I would like you to transcribe all of the data exactly.

=== DATA ===
=== Begin Enclosure ===

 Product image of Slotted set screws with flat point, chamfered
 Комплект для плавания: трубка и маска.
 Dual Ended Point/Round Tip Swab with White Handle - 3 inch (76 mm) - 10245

=== End Enclosure ===

=== ANSWER BELOW ===
 Product image of Slotted set screws with flat point, chamfered
 Комплект для плавания: трубка и маска.
 Dual Ended Point/Round Tip Swab with White Handle - 3 inch (76 mm) - 10245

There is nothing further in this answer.